§ Activity: Your task is to reproduce exactly the lines from the one containing "Sunset Forest Wall" through the last line below, both ends included, and nothing else, with no pictures.

------ Given information

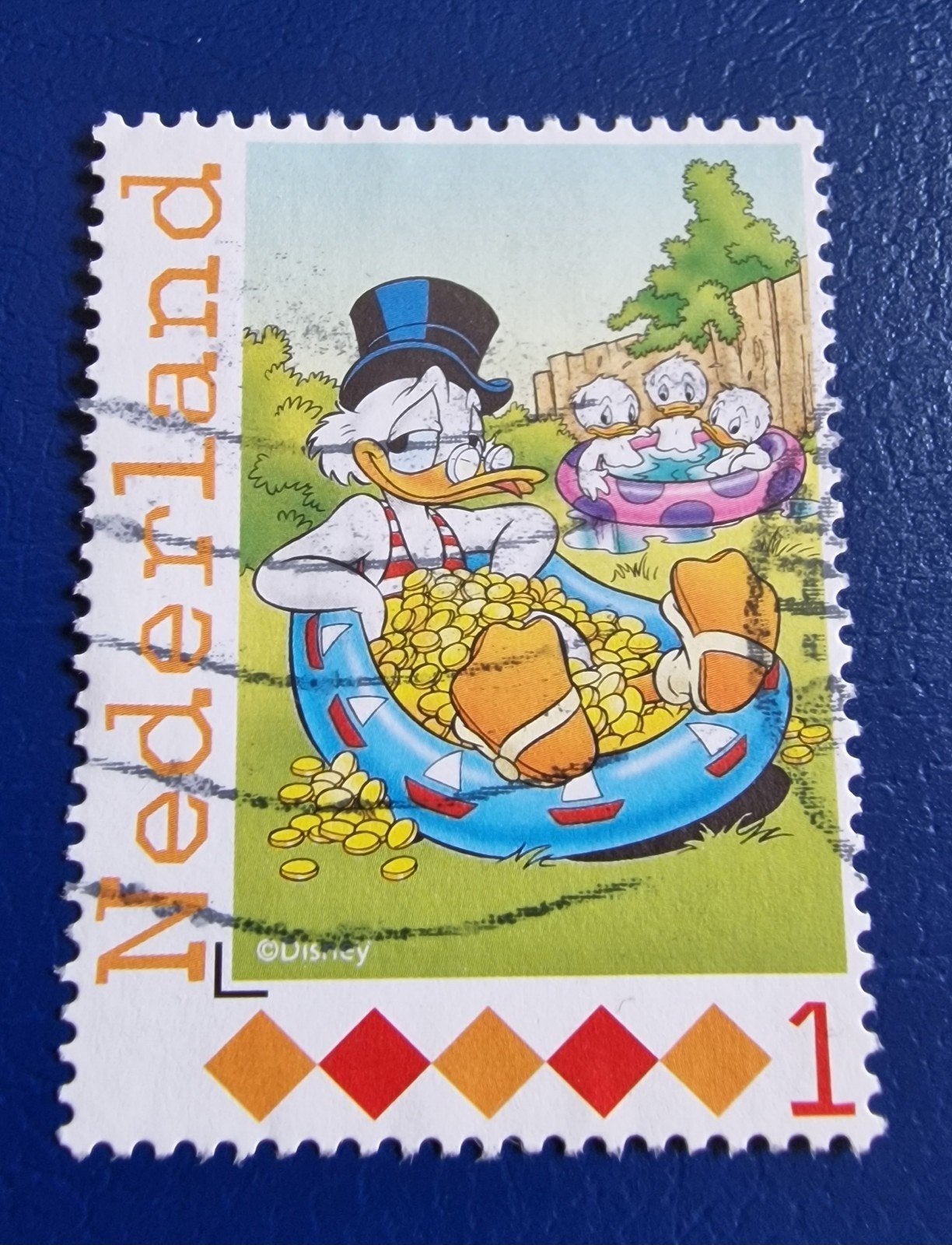 kv386 persoonlijke  postzegel Dagobert Duck en neefjes, Ophalen of Verzenden, Na 1940, Gestempeld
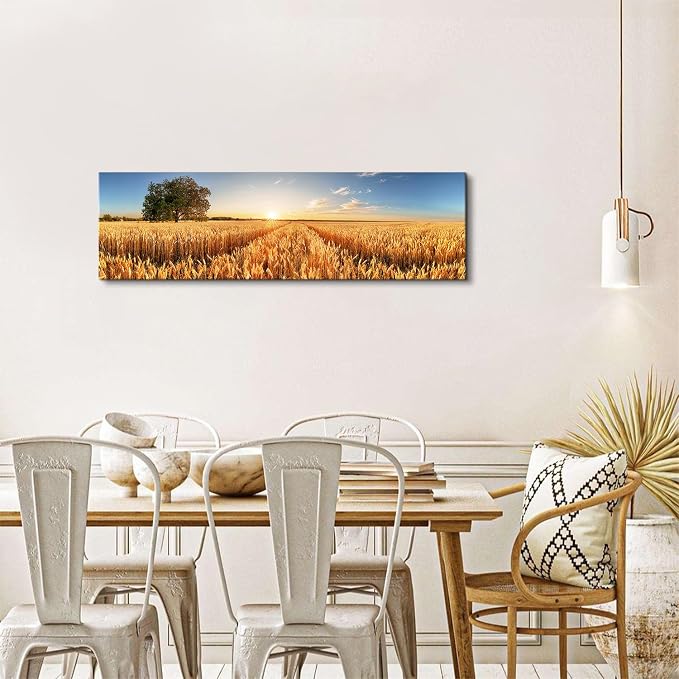 Sunset Forest Wall Art Nature Wheat Field Landscape Pictures Wall Decor - Image 5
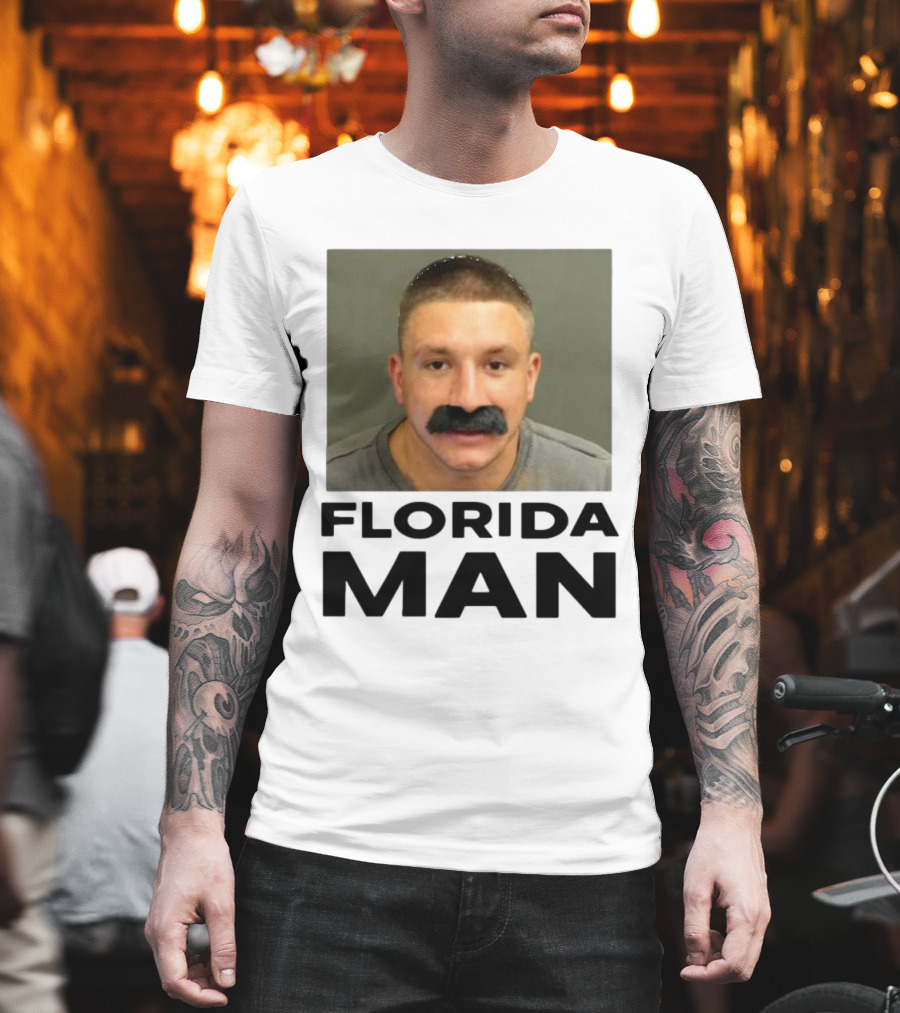 Stevewilldoit Florida Man Image Black Mustache Face T-Shirt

------------

§ Task solution:
 Sunset Forest Wall Art Nature Wheat Field Landscape Pictures Wall Decor - Image 5
 Stevewilldoit Florida Man Image Black Mustache Face T-Shirt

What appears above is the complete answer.